What this task involves: Find the line that contains "Квартира 1+1 в Мерсине, Турция | PTE-51340"; then retype it and each line after it, exactly, through the final line of the data below.

Data provided:
* * * *

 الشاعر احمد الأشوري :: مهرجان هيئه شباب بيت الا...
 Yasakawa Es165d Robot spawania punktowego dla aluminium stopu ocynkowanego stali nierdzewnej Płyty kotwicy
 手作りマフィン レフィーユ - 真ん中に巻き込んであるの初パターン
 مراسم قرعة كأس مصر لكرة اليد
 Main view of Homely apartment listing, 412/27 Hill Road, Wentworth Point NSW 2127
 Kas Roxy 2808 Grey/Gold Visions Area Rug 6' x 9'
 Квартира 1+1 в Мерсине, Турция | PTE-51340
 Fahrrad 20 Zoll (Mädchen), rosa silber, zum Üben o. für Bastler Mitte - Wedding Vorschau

* * * *

Exercise solution:
 Квартира 1+1 в Мерсине, Турция | PTE-51340
 Fahrrad 20 Zoll (Mädchen), rosa silber, zum Üben o. für Bastler Mitte - Wedding Vorschau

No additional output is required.